Police Chief smiles at new officers
Chief Myron Demkiw chats with new officers during inspection Photo: Brent Smyth


There was something about people wearing law enforcement uniforms that caught Niko Sheferman’s attention.

“I saw the way people respected them and the ways in which they helped citizens,” she said. “I never felt scared approaching a police officer and I told myself since I was very young that I would be like them one day.”

Sheferman, started school in Grade 9 in Canada after migrating from Israel 12 years ago, volunteered with Victim Services in York Region and did the 9-1-1 dispatcher course as part of the 911 & Emergency Services Communications studies while at Seneca College before putting in her resume to Toronto and another police service last year.

“Toronto moved very quickly and I am so glad to be here,” she said. “The training was long and extensive, which will work to our benefit. It shows that Toronto cares about its recruits and wants them to have the best.”

Sheferman is assigned to 43 Division.

Before joining the Service, some of the new officers were in civilian roles with TPS, including Parking Enforcement, Communications Services and Special Constables while others transitioned from other professions, including nursing, social work and real estate.

“Each of you bring unique experiences and lenses which help to better understand your roles and enhance your connections to the public,” noted Toronto Police Services Board Vice-Chair Lisa Kostakis. “You come from across the globe and your diversity is a mirror of our extraordinary city.
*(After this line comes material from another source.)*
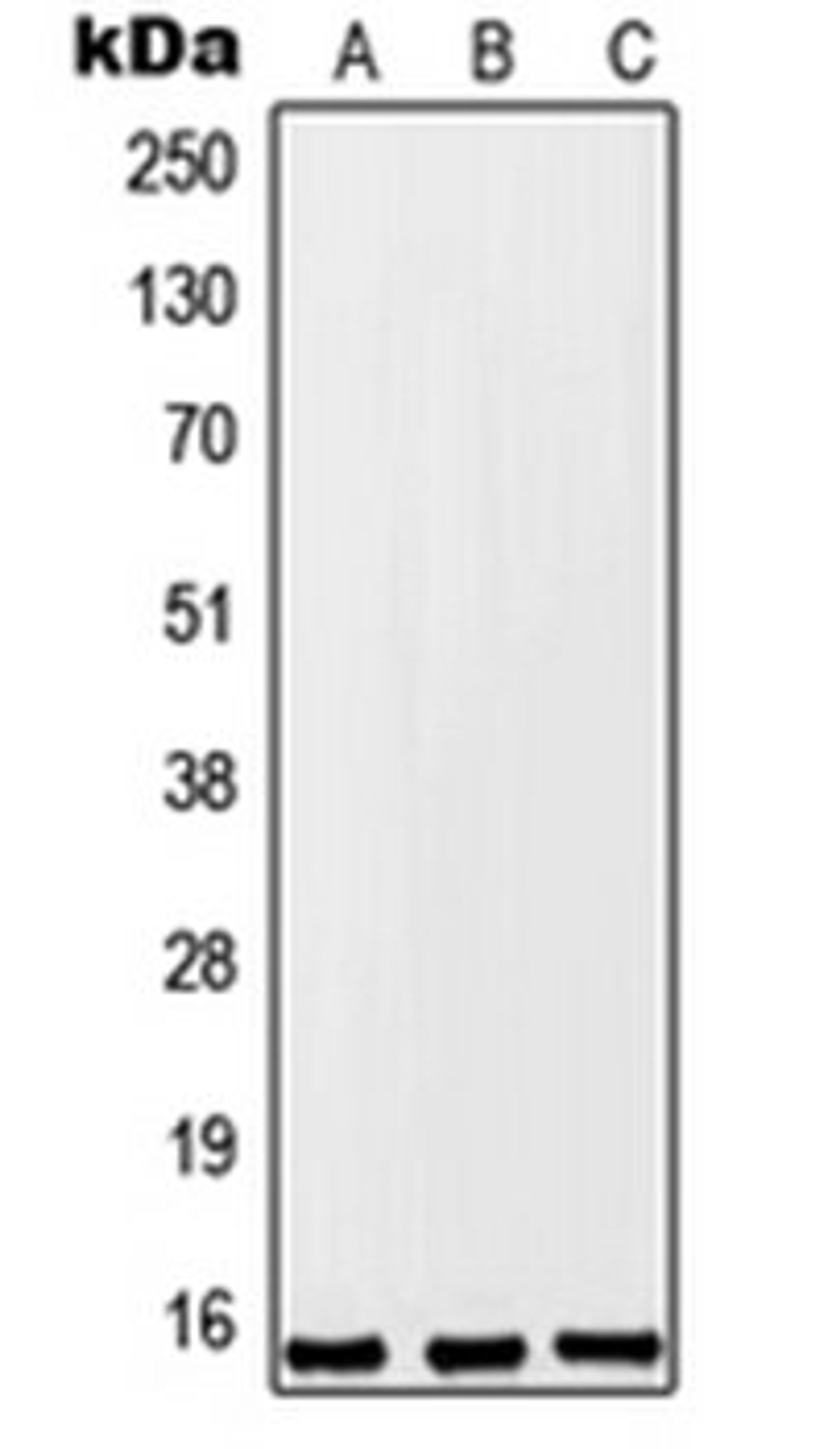 Western blot analysis of A549 (Lane 1), Raw264.7 (Lane 2), PC12 (Lane 3) whole cell lysates using FKSG2 antibody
And in it lies our formidable strength. The quality of our Service is strengthened when the diversity of our great city is reflected in those who police it.

“Through you, we can reach out to our different communities and neighbourhoods, speak to community members in their home languages, create and fortify relationships and thus enhance our ever-important partnership with the public, the critical key to all we do.”
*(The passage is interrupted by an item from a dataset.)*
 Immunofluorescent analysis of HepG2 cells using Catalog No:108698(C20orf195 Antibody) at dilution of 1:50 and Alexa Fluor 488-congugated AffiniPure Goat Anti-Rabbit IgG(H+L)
Kostakis urged the recruits to stand and walk proud.

“Do so, however, with humility and humbleness,” she said. “Serve our communities with compassion and protect respectfully. Always know that your Toronto Police Association, your Board, your Command and most definitely your Chief and, just as important, your loved ones have you.”
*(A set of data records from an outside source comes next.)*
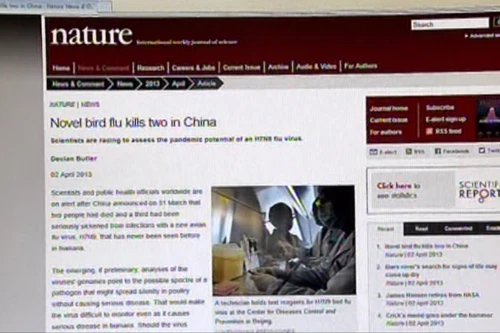 Phát hiện mới về virus cúm gia cầm H7N9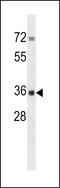 Calcineurin-like phosphoesterase domain-containing protein 1 antibody, LS-C159401, Lifespan Biosciences, Western Blot image 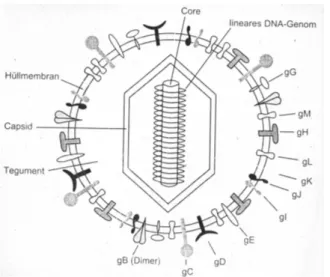 Abbildung 3 zeigt eine schematische Darstellung eines Herpes simplex Virus, das  starke morphologische Ähnlichkeit mit HCMV besitzt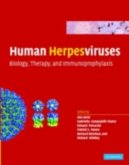 Human Herpesviruses (eBook, PDF)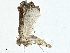  ( - CBG-A00258-H01)  @11 [ ] CreativeCommons - Attribution (2023) CBG Photography Group Centre for Biodiversity Genomics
The graduates were part of 535 recruits from across the province training at the Ontario Police College – the largest cohort of police officers.

“These are amazing people who came forward and said I want to make a difference to keep Ontario safe,” said Solicitor General Michael Kerzner who attended the ceremony. “You can make a difference in your community’s life absolutely everyday… Ontario is a diverse province and this class looks like Ontario and we are excited about that.”


Police Officer smiles at the camera
New Police Constable Mark Cruz will start his policing career in 14 Division Photo: Brent Smyth


Several awards were presented at the graduation.

Keegan Tyhurst earned the High Academic Achievement Award with a mark of 97.6%, Nikol Sheferman was the recipient of the Harry Mayzell Leadership Award, Bryan Cheron captured the High Performance in Fitness Award, Daniel Helliwell won the Most Improved Fitness Award and Roshan Mendonca was recognized for Drill, Dress & Deportment.

Parsa Hazeri was the recipient of the Gulshan Kassamali Diversity & Inclusion Memorial Award while the Glen Cole Memorial Award was presented to class valedictorian Michael Williams.

“Being a police officer means we are held to a higher standard at all times,” Williams said. “It is the duty to serve that is at the heart of our core function. This standard was etched into us on day one of our training.”

The recruits spent three months at the Ontario Police College in Aylmer and 11 weeks at the Toronto Police College.

“During our training, some of us like myself lost loved ones,” said Williams. “It was extremely difficult to maintain focus, but we managed to get through it with the support and encouragement of our fellow recruits and management staff. For that, I say thank you. We have been trained by the best and now we are ready to represent the Toronto Police Service, delivering police services in partnership with our communities.”

Every graduating class raises funds for a charity.

Class 23-02 collected nearly 190 new toys that will be donated to the Hospital for Sick Children.